→ Task to carry out
Leave out all pictures. Return exactly the lines from the top of the material through the line containing "Matte black sink".

→ Source records
::::
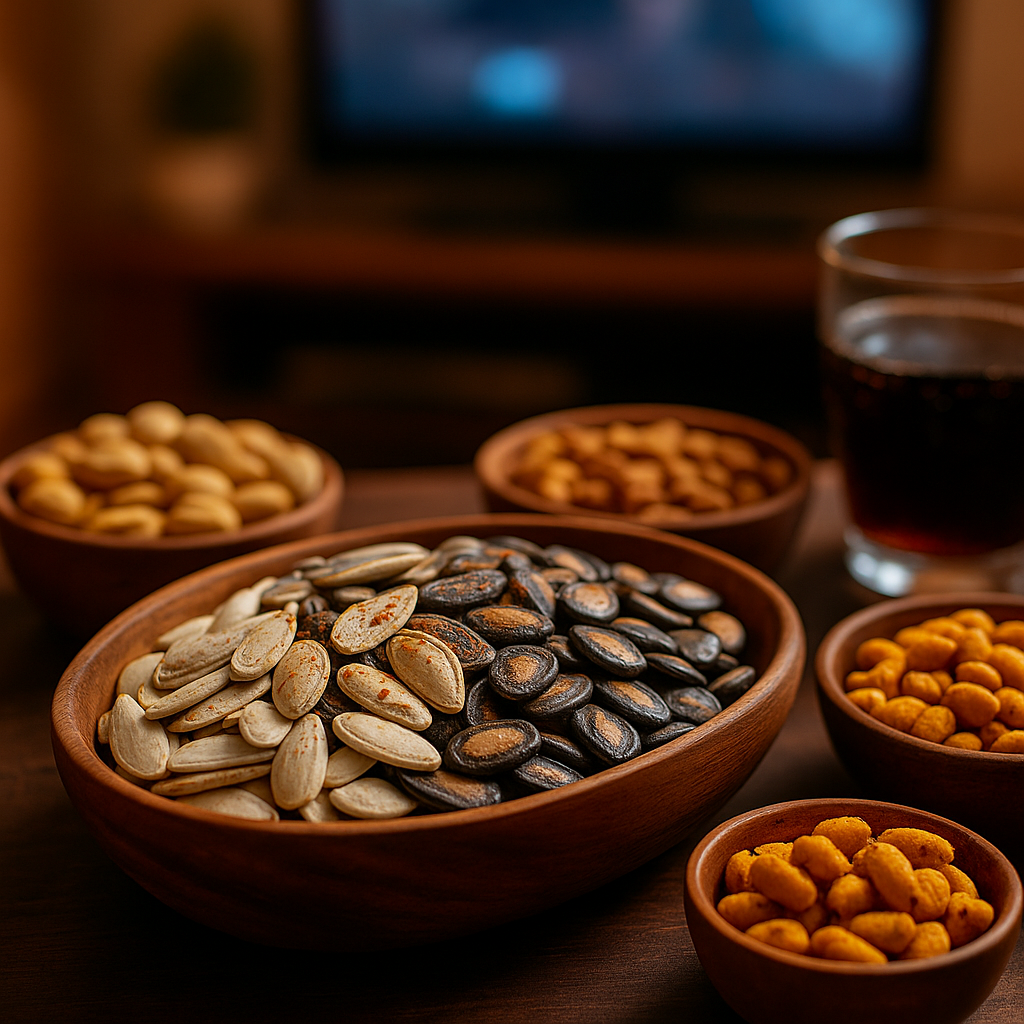 A colourful assortment of roasted Egyptian seeds, including black melon, pumpkin, and sunflower seeds, displayed in a rustic ceramic bowl on a table with warm lighting and no packaging visible.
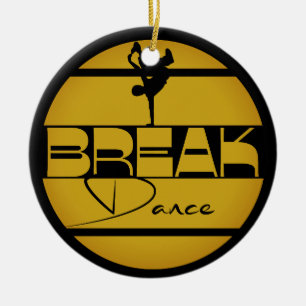 Breakdance geel zwart met danser keramisch ornament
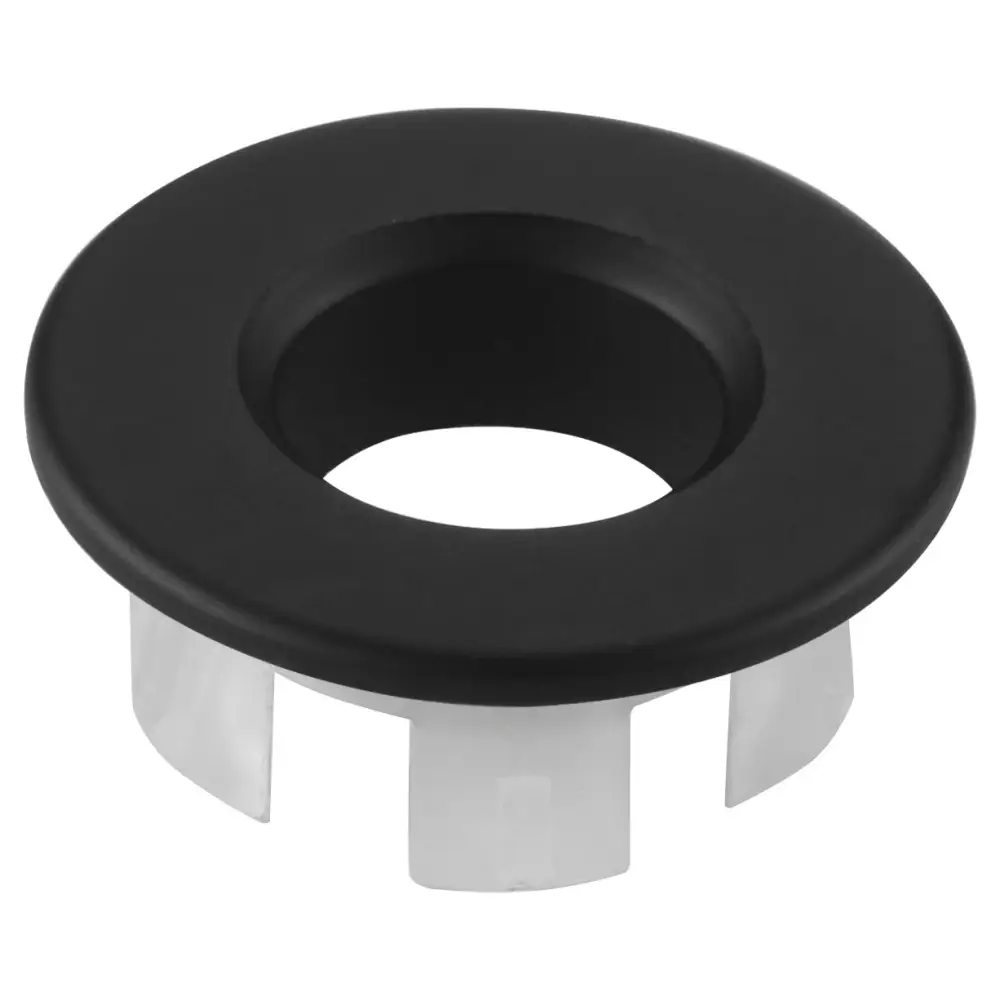 Matte black sink overflow trim ring faucet accessory closeup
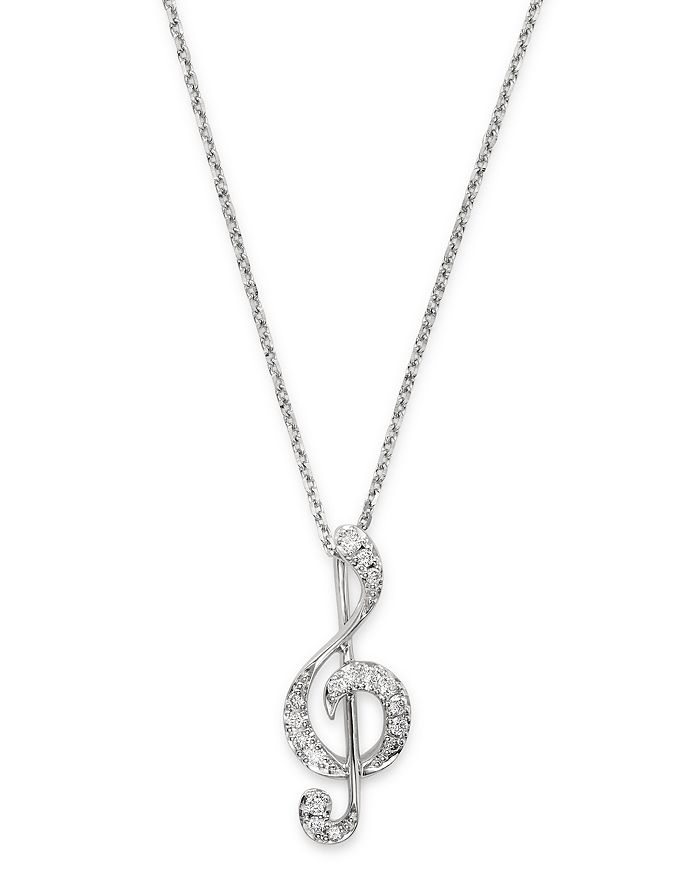 Bloomingdale's Diamond Music Note Pendant Necklace In 14k White Gold, 0.075 Ct. T.w. - 100% Exclusive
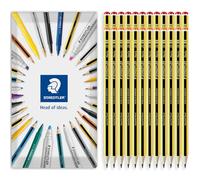 STAEDTLER Noris 120 Upcycled Wood Graphite Pencil - Break-Resistant Pencils - Envelope Gift Class Pack of 24 (Grade HB & 2B)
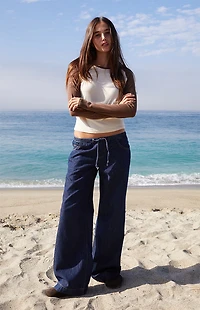 John Galt Dark Blue Gracie Drawstring Low Rise Baggy Jeans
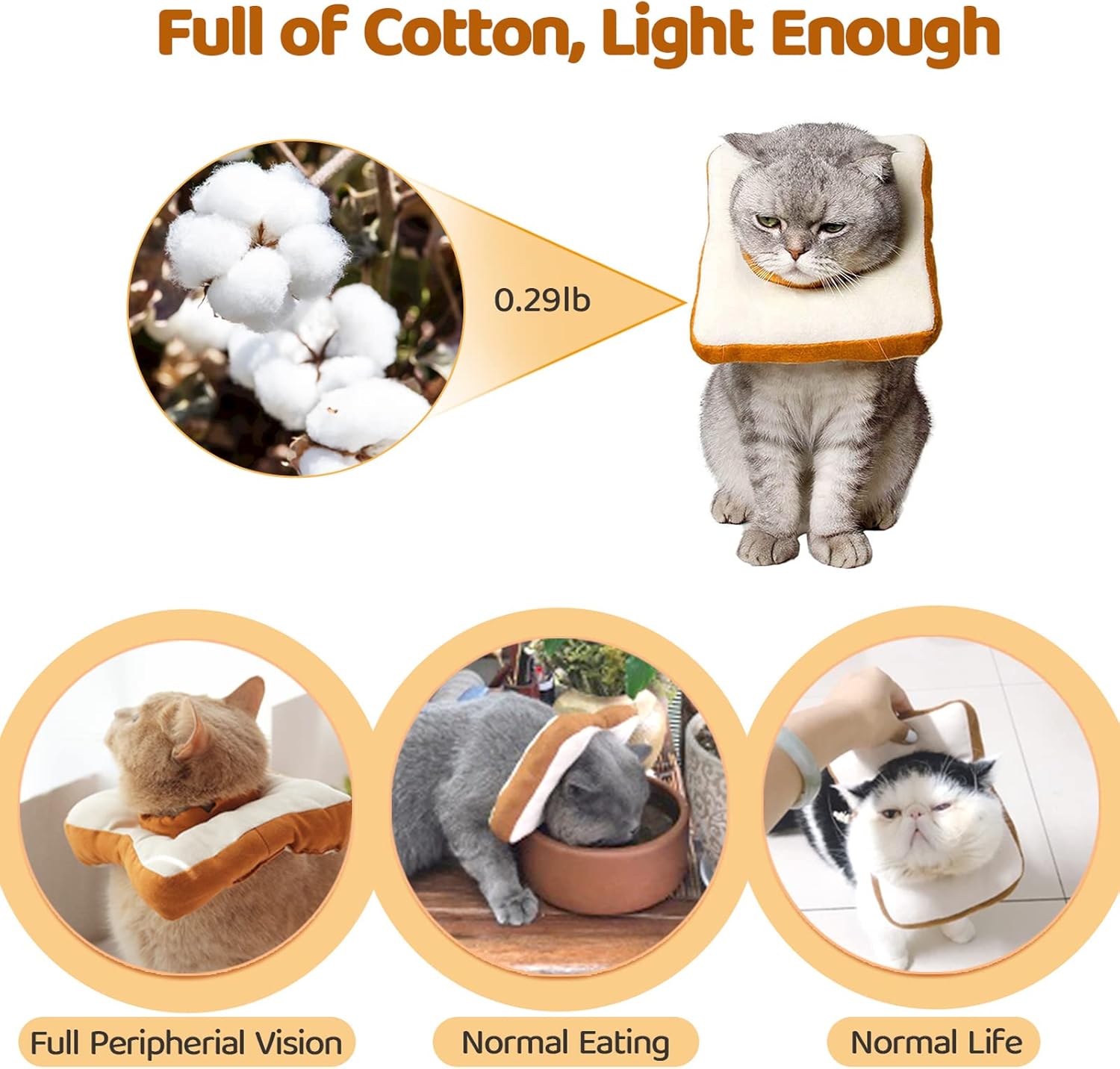 Amakunft soft elizabethan collar for kittens toast shape side view post surgery care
::::
→ Written answer
 A colourful assortment of roasted Egyptian seeds, including black melon, pumpkin, and sunflower seeds, displayed in a rustic ceramic bowl on a table with warm lighting and no packaging visible.
 Breakdance geel zwart met danser keramisch ornament
 Matte black sink overflow trim ring faucet accessory closeup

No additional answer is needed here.